Neither of them ever discussed the financial help he gave his mother. They didn’t need to. Zoe felt no resentment of his loyalty towards his family.
‘That’s because you’ve never needed to worry about money,’ he had told her cynically, and then she had smiled sunnily, refusing to allow him to aggravate her.
It wasn’t until she had finished tidying away all the scraps of paper that she noticed the envelope on the table.
She had forgotten to mention it to Ben last night, and he obviously had not noticed it when he got up.
She picked it up, scanning it uncertainly. When she had seen it yesterday she had been so excited; now, like an opened forgotten bottle of champagne, her excitement had gone flat, superseded by other emotions.
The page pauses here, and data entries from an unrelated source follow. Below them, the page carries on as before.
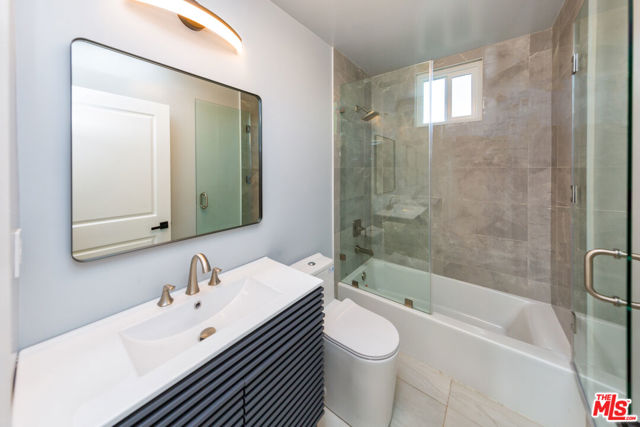 2143 Kerwood Avenue, Los Angeles CA: https://media.crmls.org/mediaz/73c0196f-d736-4a81-b327-7711259d8ec9.jpg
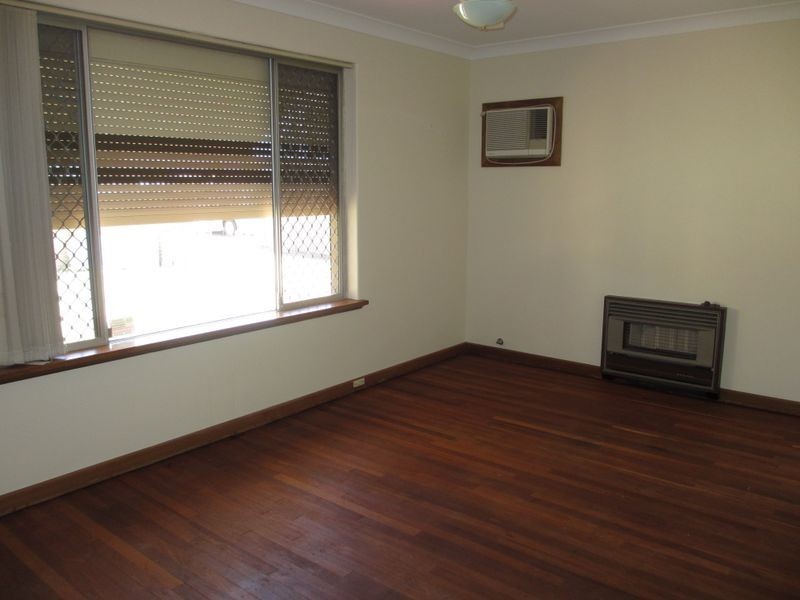 34 Hope Road, Palmyra WA 6157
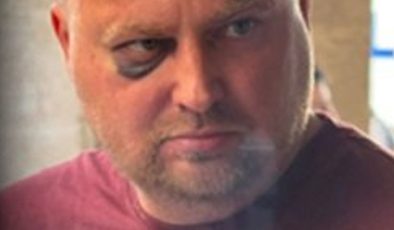 Sarhoş Rus, iki polisi darp etti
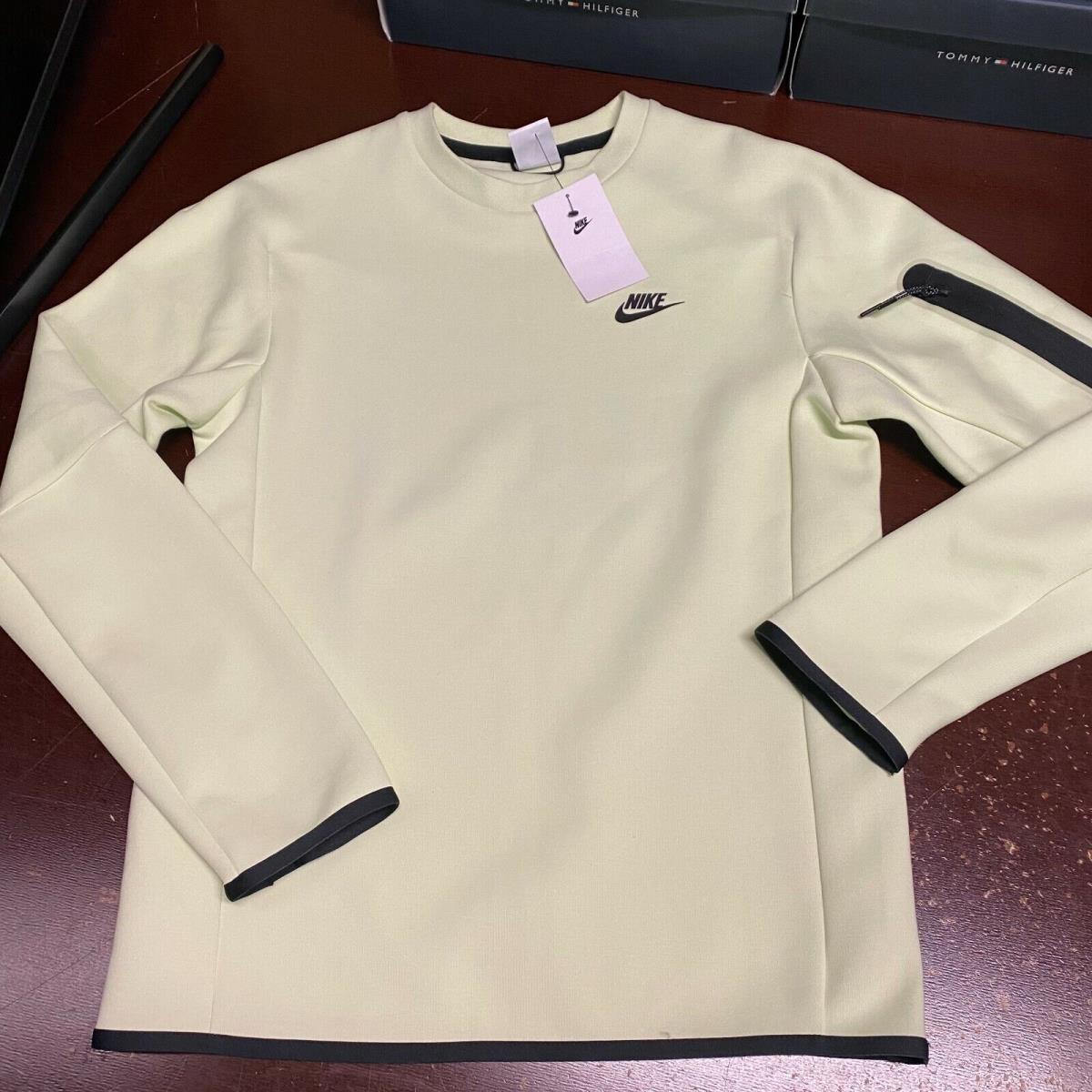 nike ivory sweatshirt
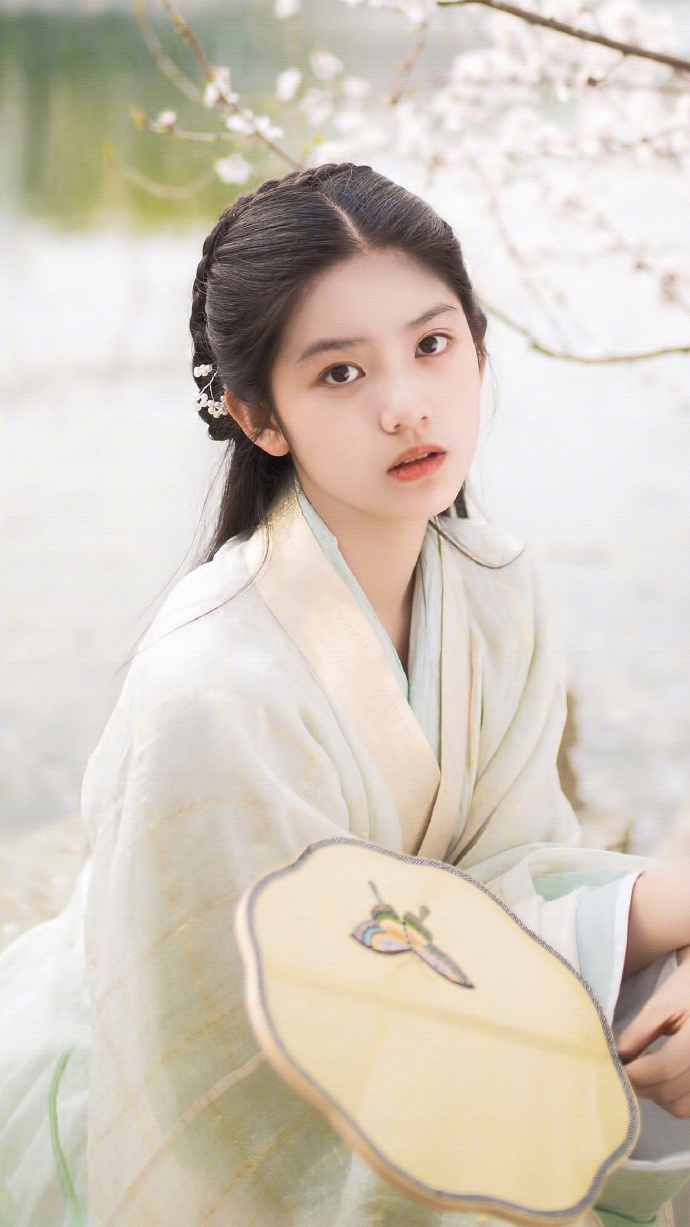 古装美女图片 小童星赵蕴卓古装图片 9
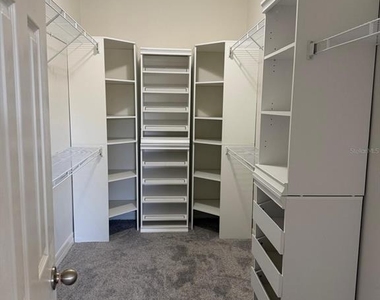 1502 Page Avenue - Photo Thumbnail 4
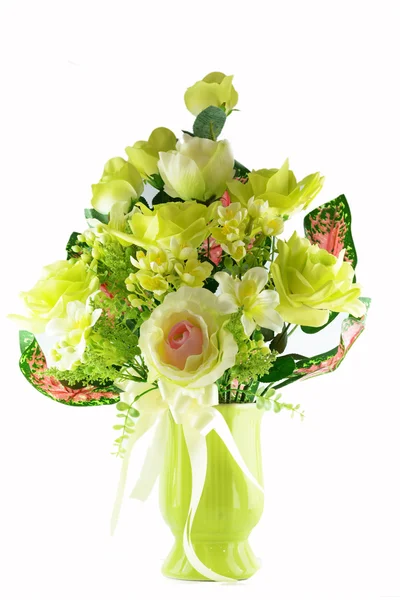 Різнокольорові квіти у вазі, ізольовані на білому тлі — стокове фото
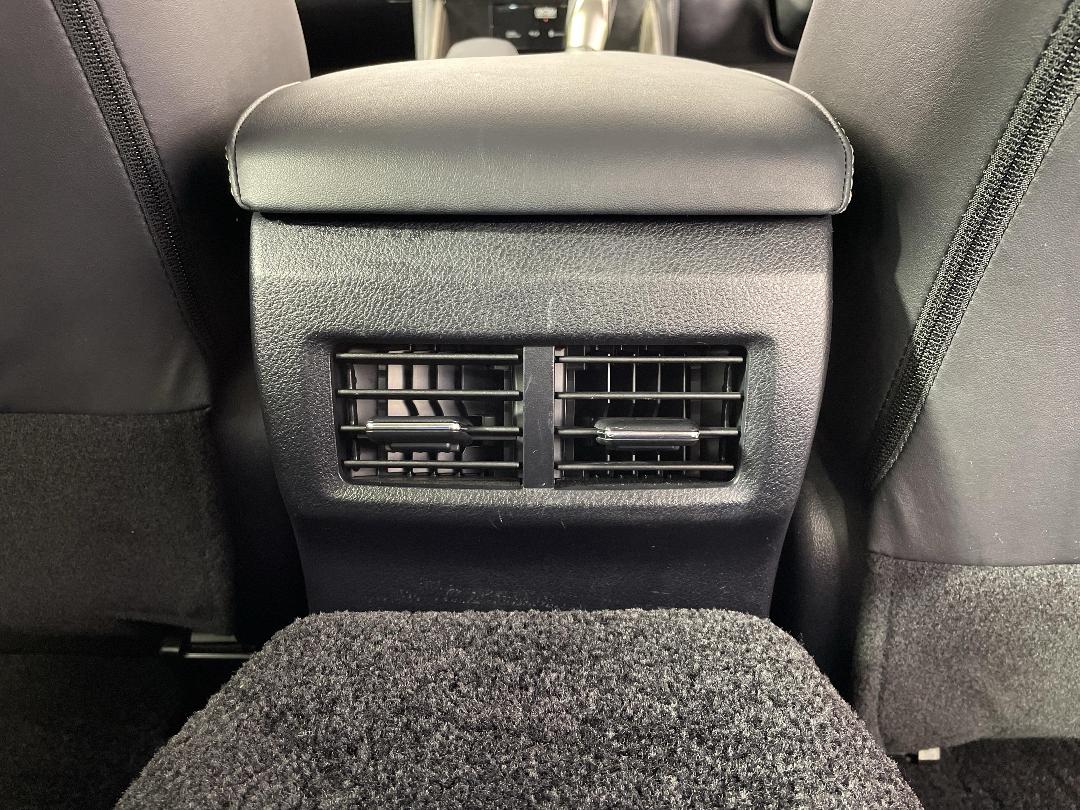 Photo '40' of Lexus IS300H Photo '40' of Lexus IS300H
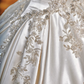 Superbe robe de mariée longue en satin, sans bretelles, à sequins et perles, C4403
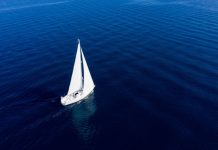 Rüyada Yelken Görmek Ne Anlama Gelir? Rüyada yelkenliyle seyahat etmek, rüyada yelken tamir etmek, rüyada rüzgarla dolan yelken görmek vb. rüya tabirleri.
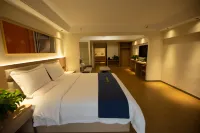 Zhongwei Qigua Light Luxury Hotel - 2-Star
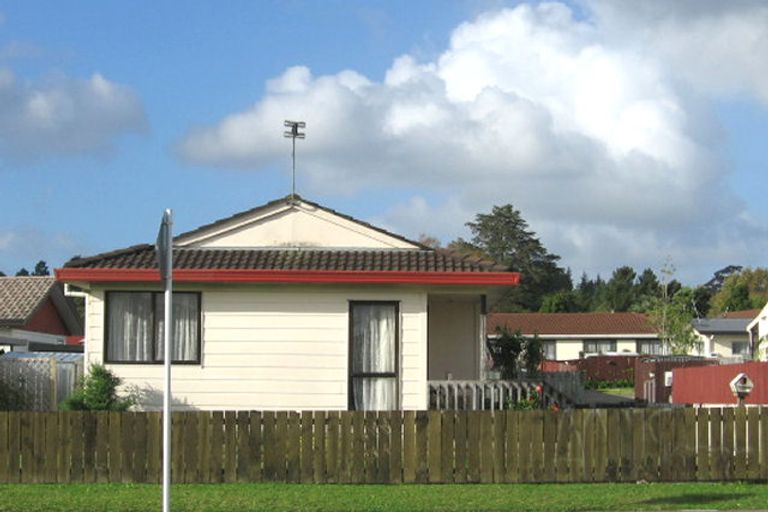 Photo of property in 2/215 Waitemata Drive, Ranui, Auckland, 0612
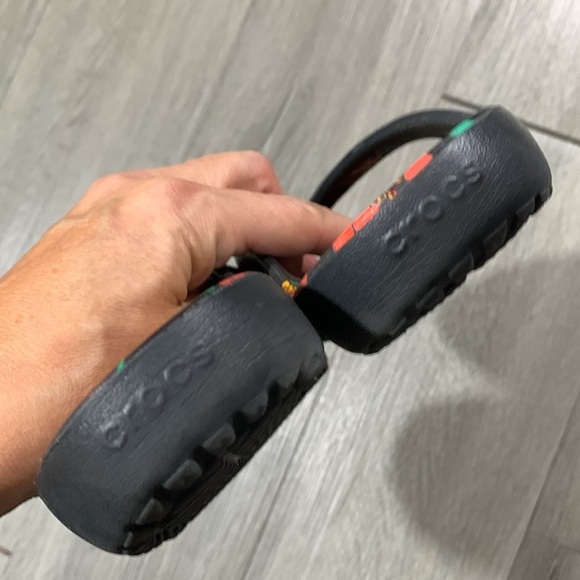 Crocs Kadee II Printed Floral FlipFlop Black/Floral Slip-On Thong Sandals size 9 - Picture 5 of 7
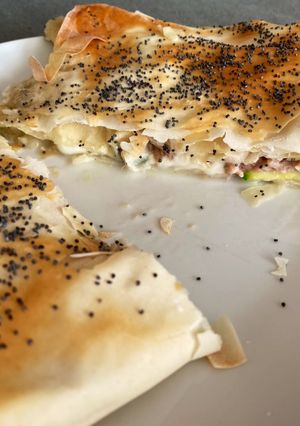 Foto di Sfoglia di pasta fillo ripiena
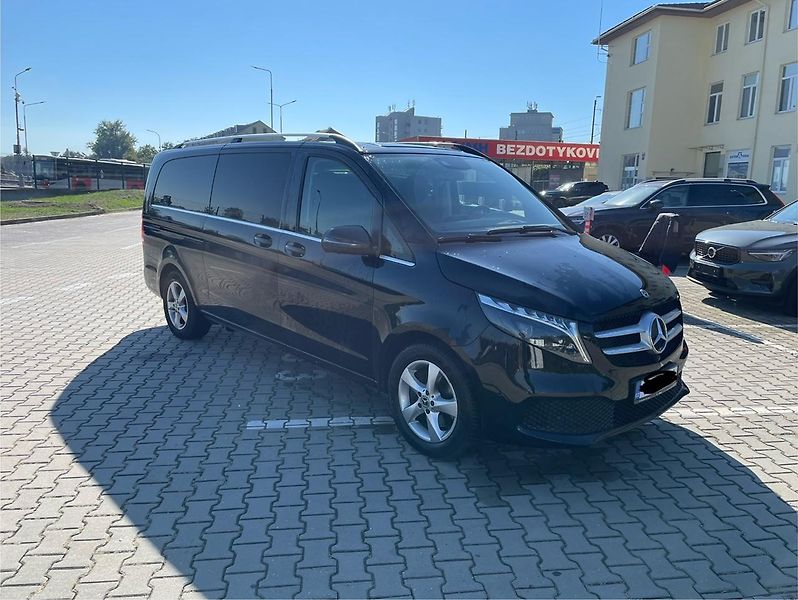 Mercedes-Benz Třídy V (2023) Mercedes-Benz V300d 4MATIC XL - fotka 1 z 11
For the first time she felt, if not resentment, then certainly a sudden awareness of irritation with Ben’s family. She wriggled uncomfortably, frowning as she refocused on the envelope.
This was their future here in front of her. Hers and Ben’s… The exciting, enticing, challenging future they had worked so hard together for. It belonged to them. They had worked for it… planned for it, and Ben… Ben deserved it; and yet now, because of his family, because of last night, somehow its promise was shadowed, her excitement doused, their right to share and anticipate the pleasure of taking their first major step into the future and success dulled by the sharp contrast between their future and that of Ben’s sister and her child.
And if she was so aware of the discrepancies in those futures, then how much more so must Ben be?
She gave a small shiver of distress and guilt. Was she really so selfish, so shallow that she resented Sharon for inadvertently casting a shadow over their lives? By rights what she ought to be feeling was sympathy and concern, not wishing that Ben’s sister had not spoiled this special moment in their lives by inflicting her problems on her brother.
She picked up the envelope and then put it down again.
She was not normally given to self-analysis or questioning her feelings—her life was too busy, her responses too immediate and instinctive.